**EXERCISE DIRECTIONS**
Below are the records; give again exactly the lines from the one containing "Hooded Zip Through" through the one containing "50 Giffarine กิฟฟารีน", leaving out pictures.

**DATA TO EXAMINE**
┄┄┄┄┄┄┄┄┄┄

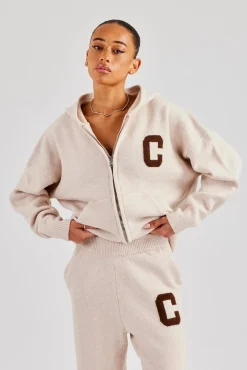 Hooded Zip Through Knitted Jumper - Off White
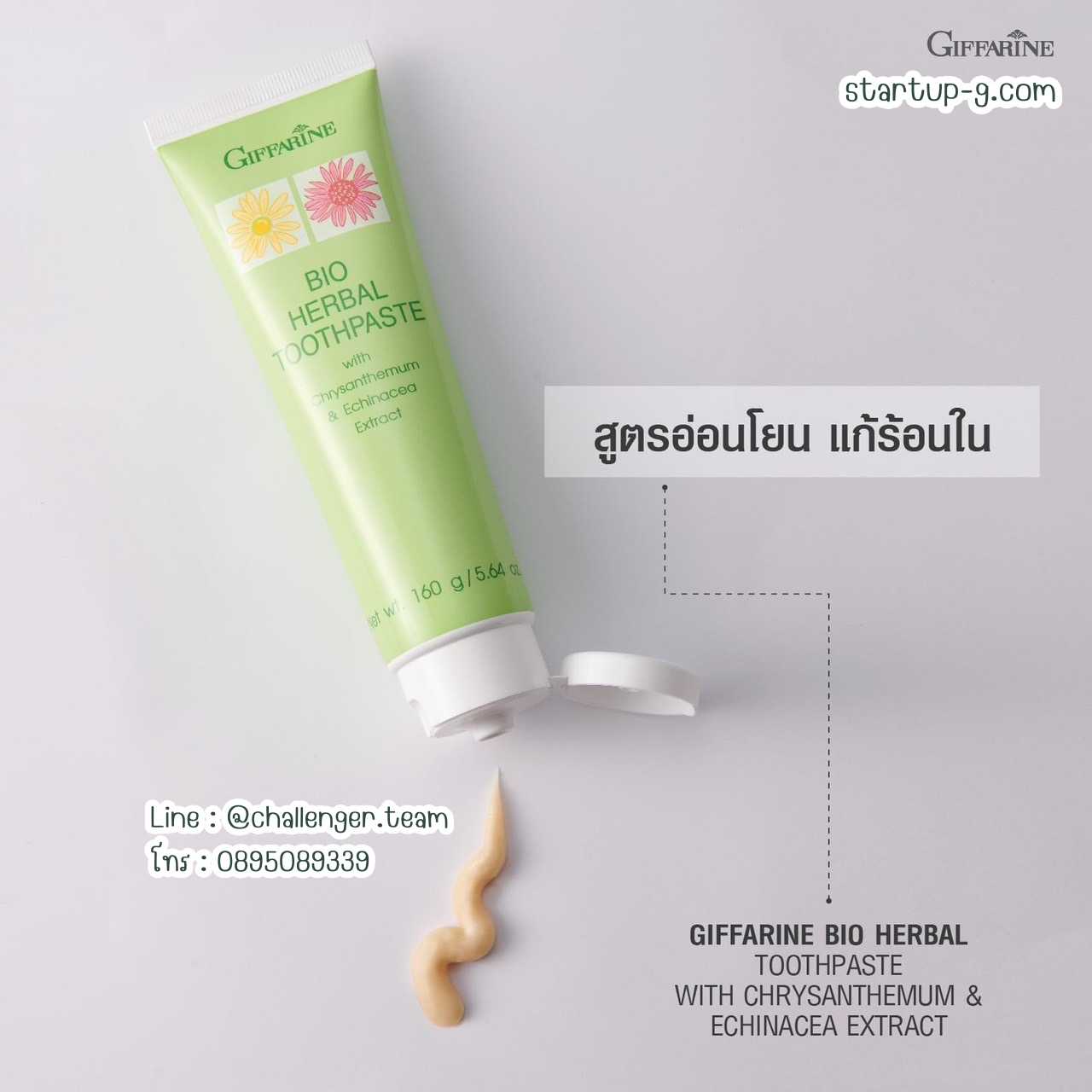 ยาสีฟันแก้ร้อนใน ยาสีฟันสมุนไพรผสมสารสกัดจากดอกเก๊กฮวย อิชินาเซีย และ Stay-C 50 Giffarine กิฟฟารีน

┄┄┄┄┄┄┄┄┄┄

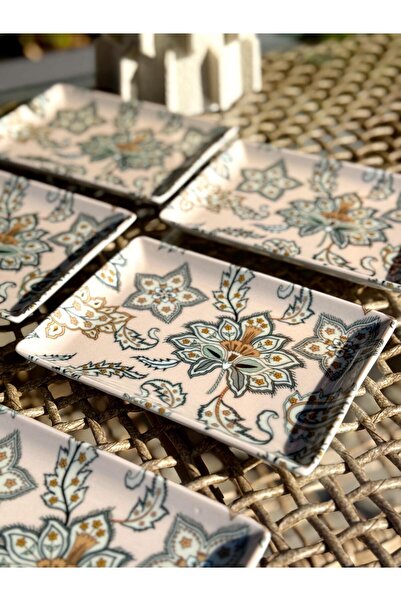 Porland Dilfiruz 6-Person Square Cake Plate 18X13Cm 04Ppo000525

┄┄┄┄┄┄┄┄┄┄

**ANSWER**
 Hooded Zip Through Knitted Jumper - Off White
 ยาสีฟันแก้ร้อนใน ยาสีฟันสมุนไพรผสมสารสกัดจากดอกเก๊กฮวย อิชินาเซีย และ Stay-C 50 Giffarine กิฟฟารีน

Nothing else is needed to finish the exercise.